Gluten in simple terms is the protein that comes from wheat, rye and barley. These are typically the main ingredient in crackers, pasta, bread and other foods commonly thought of as high in carbohydrates. If you don't tolerate gluten very well it causes your body to not absorb the nutrients in the foods you are eating. This can either cause you to lose or gain weight depending on your digestive system. Since you are reading this article, I am assuming that your body holds onto the fat in the food you are eating to compensate for the lack of nutrients and you have been putting on the pounds. Especially if you have been consuming too many carbohydrates, gluten-free weight loss might be the answer you have been looking for.
Why does gluten-free weight loss work?
Since most of the foods commonly associated with gluten are high in carbohydrates, getting rid of this food group can help you shed the pounds. Carbohydrates play a big roll in weight gain. Fist off, they are dense in calories. Too many calories always equal too much weight. The other effect of this type of carbohydrate is that since it is a high-glycemic food it has a tendency to take your blood sugar levels on a roller coaster ride. This fluctuation is the leading cause of carb cravings which leads to unnecessary calorie intake. When you are striving for gluten-free weight loss your food choices make your blood sugars rise slowly so that the insulin can do its job and your body can burn fat efficiently. The key to gluten-free weight loss is low-calorie, high-nutrient diet that keeps your blood sugars and hunger in check.
What do you do now?
Although gluten-free weight loss might be a bit more complicated than your average weight loss plan it doesn't have to be. You need to educate yourself on the different names for gluten (including wheat, rye, barley and malt) and check labels before buying food. Although you know you have to stay away from bread and pasta you will be surprised to find that gluten can also be found in things such as lunch meat, candy and even some dressings and dips. Luckily, many of these hidden gluten foods have a different brand that is gluten-free. After a few trips to the store reading labels you will get used to what you can have and what you should avoid. There are also a variety of books and online recipes that cater to gluten-free weight loss.

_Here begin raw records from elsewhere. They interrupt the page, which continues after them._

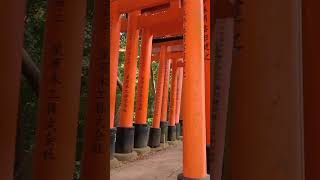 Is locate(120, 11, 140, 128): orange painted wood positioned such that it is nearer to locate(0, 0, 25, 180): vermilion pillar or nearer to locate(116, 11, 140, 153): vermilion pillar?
locate(116, 11, 140, 153): vermilion pillar

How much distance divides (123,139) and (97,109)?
7.65m

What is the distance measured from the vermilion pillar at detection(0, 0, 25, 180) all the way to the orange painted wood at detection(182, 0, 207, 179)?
3.46m

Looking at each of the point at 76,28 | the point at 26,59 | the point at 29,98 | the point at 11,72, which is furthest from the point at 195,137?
the point at 11,72

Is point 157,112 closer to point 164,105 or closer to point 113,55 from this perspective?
point 164,105

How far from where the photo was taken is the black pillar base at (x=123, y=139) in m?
9.31

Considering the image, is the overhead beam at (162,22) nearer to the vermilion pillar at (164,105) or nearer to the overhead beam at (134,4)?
the overhead beam at (134,4)

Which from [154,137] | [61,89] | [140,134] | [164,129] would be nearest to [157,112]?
[154,137]

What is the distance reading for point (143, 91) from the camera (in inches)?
420

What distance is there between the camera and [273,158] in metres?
1.07

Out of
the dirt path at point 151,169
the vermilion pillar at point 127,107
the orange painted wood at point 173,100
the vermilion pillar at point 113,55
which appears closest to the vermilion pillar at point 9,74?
the vermilion pillar at point 113,55

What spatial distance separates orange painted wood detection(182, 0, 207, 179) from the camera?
461cm

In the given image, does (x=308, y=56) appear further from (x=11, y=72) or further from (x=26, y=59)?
(x=26, y=59)

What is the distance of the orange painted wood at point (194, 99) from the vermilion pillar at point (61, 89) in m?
3.16

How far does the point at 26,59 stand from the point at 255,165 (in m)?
1.68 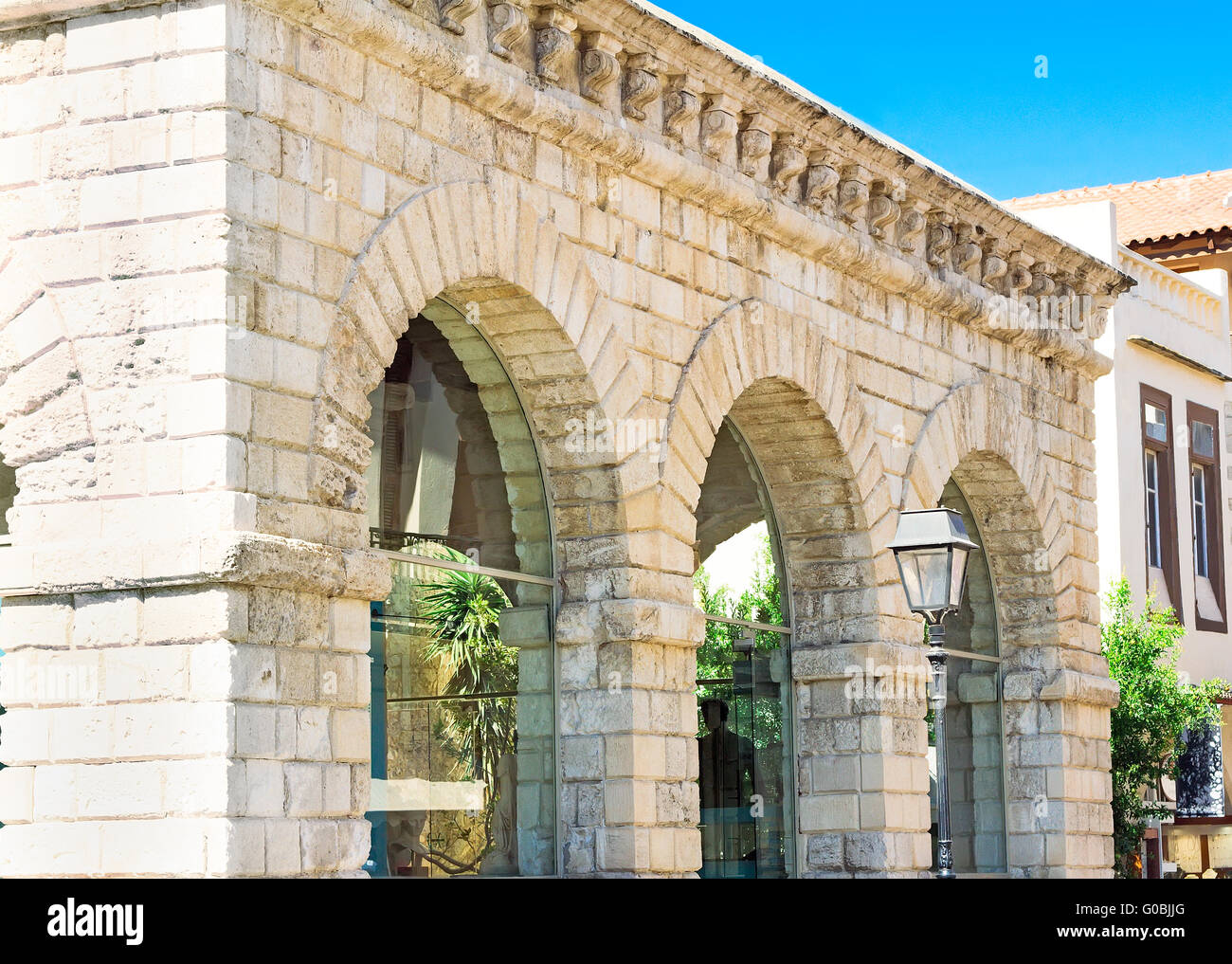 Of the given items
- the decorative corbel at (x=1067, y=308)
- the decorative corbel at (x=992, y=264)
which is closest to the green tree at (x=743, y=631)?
the decorative corbel at (x=992, y=264)

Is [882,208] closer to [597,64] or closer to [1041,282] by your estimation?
[1041,282]

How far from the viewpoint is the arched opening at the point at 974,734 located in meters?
15.4

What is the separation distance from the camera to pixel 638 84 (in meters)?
10.7

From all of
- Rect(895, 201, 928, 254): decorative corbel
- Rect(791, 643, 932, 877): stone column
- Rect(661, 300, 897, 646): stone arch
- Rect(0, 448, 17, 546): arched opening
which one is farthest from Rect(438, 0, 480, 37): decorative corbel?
Rect(791, 643, 932, 877): stone column

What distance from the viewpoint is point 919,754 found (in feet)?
43.0

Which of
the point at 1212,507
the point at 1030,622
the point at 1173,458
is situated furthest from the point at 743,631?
the point at 1212,507

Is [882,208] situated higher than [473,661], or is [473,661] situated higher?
[882,208]

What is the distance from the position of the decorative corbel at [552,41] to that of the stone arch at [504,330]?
0.73 meters

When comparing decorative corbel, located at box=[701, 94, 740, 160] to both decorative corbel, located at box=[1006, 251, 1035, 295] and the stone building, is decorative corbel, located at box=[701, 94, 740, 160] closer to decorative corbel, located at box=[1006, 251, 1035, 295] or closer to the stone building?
the stone building

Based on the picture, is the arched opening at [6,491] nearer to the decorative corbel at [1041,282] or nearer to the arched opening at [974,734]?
the arched opening at [974,734]

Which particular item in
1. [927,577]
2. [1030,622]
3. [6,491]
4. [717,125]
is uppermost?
[717,125]

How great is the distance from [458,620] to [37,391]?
113 inches

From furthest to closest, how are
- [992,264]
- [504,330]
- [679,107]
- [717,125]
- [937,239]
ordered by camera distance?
[992,264]
[937,239]
[717,125]
[679,107]
[504,330] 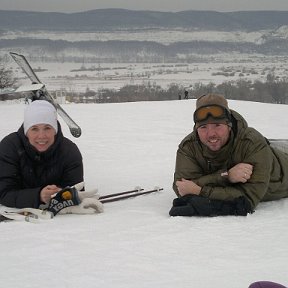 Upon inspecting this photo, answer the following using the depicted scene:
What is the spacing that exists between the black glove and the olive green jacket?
64 millimetres

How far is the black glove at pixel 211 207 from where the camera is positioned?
10.2 feet

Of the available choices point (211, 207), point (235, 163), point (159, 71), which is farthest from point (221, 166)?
point (159, 71)

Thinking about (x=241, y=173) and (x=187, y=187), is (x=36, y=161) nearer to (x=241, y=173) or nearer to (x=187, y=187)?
(x=187, y=187)

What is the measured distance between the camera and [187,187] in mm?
3344

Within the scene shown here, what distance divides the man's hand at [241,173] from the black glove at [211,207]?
5.4 inches

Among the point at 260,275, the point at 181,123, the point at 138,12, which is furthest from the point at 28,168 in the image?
the point at 138,12

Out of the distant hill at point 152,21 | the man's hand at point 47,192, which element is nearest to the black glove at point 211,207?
the man's hand at point 47,192

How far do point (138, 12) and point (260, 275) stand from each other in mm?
196776

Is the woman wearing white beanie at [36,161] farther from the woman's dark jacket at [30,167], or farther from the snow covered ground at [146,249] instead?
the snow covered ground at [146,249]

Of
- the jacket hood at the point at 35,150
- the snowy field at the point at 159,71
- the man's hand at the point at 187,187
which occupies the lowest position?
the man's hand at the point at 187,187

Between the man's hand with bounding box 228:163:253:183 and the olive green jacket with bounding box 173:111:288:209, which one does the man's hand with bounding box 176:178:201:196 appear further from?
the man's hand with bounding box 228:163:253:183

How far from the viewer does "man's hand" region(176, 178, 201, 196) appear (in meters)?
3.32

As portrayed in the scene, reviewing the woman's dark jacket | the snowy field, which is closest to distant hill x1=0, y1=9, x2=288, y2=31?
the snowy field

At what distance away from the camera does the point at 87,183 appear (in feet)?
16.6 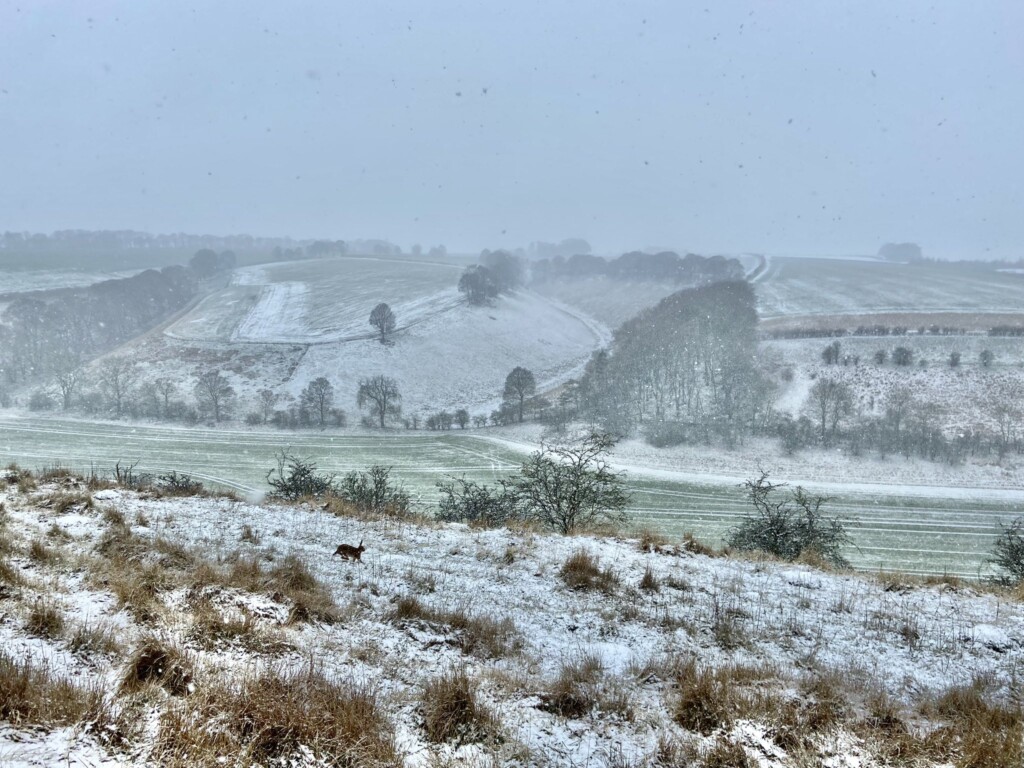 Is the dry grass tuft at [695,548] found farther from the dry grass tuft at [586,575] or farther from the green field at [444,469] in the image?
the green field at [444,469]

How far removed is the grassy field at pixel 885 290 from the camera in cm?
7206

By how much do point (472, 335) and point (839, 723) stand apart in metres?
70.1

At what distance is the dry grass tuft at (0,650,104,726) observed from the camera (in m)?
2.87

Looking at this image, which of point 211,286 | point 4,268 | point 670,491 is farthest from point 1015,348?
point 4,268

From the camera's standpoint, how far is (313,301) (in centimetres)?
8131

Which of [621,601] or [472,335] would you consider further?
[472,335]

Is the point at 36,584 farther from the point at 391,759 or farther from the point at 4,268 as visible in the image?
the point at 4,268

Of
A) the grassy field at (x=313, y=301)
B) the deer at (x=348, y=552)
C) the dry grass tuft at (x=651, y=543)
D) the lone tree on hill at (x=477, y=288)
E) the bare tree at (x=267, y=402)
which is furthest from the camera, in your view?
the lone tree on hill at (x=477, y=288)

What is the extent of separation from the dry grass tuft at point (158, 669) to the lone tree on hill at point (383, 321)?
6656cm

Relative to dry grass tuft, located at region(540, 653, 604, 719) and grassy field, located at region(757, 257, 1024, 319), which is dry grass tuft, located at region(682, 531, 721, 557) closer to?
dry grass tuft, located at region(540, 653, 604, 719)

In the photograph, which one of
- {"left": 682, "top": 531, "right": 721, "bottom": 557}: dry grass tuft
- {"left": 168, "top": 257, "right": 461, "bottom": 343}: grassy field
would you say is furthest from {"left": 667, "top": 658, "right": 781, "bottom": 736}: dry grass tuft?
{"left": 168, "top": 257, "right": 461, "bottom": 343}: grassy field

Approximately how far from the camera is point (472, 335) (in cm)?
7269

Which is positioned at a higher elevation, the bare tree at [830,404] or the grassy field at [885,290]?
the grassy field at [885,290]

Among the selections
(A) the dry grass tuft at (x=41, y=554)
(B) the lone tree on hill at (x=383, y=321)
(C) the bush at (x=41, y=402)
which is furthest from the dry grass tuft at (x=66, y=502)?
(B) the lone tree on hill at (x=383, y=321) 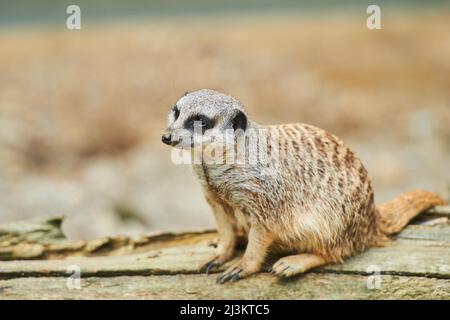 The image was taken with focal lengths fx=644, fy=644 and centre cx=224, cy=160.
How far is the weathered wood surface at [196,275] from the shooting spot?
2.40 metres

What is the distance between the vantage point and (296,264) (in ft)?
7.97

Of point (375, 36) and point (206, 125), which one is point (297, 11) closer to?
point (375, 36)

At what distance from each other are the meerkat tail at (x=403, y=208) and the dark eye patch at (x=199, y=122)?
967mm

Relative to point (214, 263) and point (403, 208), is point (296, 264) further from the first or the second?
point (403, 208)

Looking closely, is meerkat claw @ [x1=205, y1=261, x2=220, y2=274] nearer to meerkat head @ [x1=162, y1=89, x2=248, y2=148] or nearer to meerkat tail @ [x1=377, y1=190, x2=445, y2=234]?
meerkat head @ [x1=162, y1=89, x2=248, y2=148]

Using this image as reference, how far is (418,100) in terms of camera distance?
648cm

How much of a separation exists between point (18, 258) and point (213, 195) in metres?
0.93

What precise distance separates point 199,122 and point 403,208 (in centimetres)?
113

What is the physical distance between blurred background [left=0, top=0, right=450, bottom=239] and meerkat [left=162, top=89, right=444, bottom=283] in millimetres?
1504

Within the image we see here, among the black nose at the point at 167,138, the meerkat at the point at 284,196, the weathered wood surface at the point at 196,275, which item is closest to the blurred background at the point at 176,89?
the weathered wood surface at the point at 196,275

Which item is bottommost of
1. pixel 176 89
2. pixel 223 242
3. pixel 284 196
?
pixel 223 242

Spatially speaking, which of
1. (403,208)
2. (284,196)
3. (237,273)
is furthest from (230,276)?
(403,208)

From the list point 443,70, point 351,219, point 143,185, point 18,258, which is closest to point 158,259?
point 18,258

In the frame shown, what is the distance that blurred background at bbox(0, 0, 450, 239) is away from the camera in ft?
16.4
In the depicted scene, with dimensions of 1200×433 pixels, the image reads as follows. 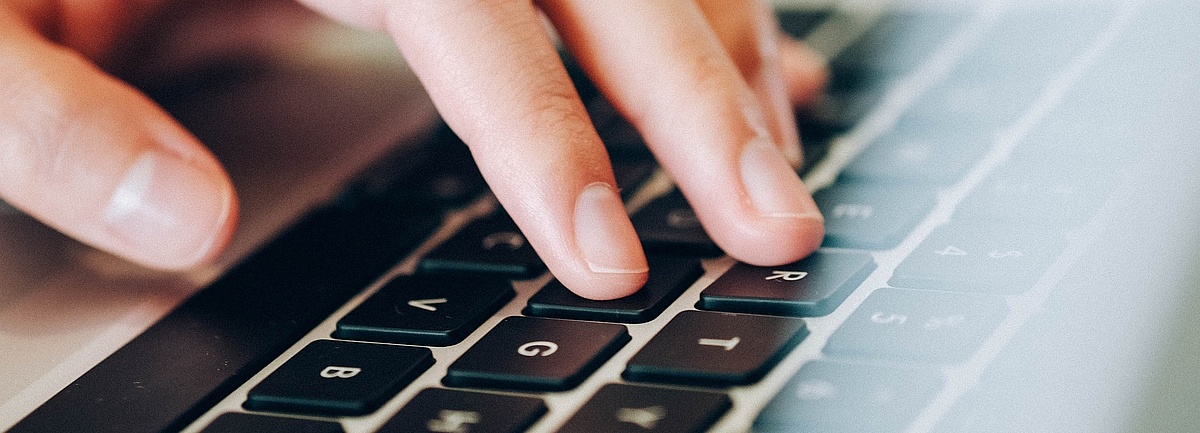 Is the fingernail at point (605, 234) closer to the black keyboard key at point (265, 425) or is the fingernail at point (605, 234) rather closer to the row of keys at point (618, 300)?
the row of keys at point (618, 300)

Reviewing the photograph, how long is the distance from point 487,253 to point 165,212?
6.2 inches

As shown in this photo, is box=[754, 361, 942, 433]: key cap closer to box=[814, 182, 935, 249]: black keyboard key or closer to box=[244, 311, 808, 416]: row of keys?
box=[244, 311, 808, 416]: row of keys

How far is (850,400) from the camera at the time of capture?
38cm

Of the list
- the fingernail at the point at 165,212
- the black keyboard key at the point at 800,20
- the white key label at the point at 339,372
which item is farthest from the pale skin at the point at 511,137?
the black keyboard key at the point at 800,20

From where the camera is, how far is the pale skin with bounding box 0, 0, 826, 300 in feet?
1.75

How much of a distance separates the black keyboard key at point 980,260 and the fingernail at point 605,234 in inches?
4.3

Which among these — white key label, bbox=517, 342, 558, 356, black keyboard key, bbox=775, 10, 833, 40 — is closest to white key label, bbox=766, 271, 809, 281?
white key label, bbox=517, 342, 558, 356

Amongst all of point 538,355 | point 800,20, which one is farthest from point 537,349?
point 800,20

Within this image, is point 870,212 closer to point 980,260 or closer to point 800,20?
point 980,260

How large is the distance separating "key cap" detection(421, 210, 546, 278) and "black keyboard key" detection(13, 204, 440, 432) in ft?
0.08

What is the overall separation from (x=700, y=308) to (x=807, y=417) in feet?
0.36

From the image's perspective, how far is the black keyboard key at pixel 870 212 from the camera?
51 centimetres

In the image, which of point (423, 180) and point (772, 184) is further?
point (423, 180)

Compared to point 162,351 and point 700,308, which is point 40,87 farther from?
point 700,308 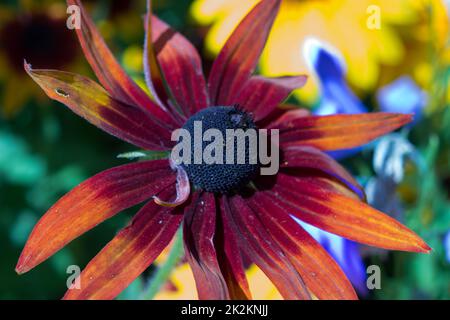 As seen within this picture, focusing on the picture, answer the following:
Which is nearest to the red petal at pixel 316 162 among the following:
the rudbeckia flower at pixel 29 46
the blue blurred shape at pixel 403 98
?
the blue blurred shape at pixel 403 98

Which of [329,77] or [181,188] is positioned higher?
[329,77]

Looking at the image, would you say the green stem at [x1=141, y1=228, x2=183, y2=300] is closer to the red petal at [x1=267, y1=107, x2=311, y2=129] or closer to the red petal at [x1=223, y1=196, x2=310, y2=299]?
the red petal at [x1=223, y1=196, x2=310, y2=299]

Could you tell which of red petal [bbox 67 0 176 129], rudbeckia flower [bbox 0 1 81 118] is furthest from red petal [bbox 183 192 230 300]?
rudbeckia flower [bbox 0 1 81 118]

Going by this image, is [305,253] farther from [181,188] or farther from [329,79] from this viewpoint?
[329,79]

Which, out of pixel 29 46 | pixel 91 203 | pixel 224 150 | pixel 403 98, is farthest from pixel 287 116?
pixel 29 46

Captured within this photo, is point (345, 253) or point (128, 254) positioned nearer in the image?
point (128, 254)

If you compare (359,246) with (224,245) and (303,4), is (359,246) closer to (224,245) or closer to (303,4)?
(224,245) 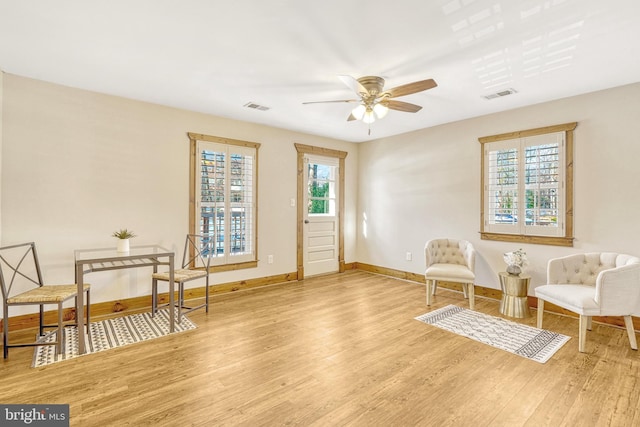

Gluten-free weight loss is not only possible but it might just be what your body needs to feel its best. Just one word of caution: You have to remember that you are still striving to lose weight. Gluten-free doesn't mean low-calorie by any means. Most grocery stores now have a large section of gluten-free foods ranging from pasta to brownies. If you eat a pan of brownies, with or without gluten, it might just show up on your hips tomorrow.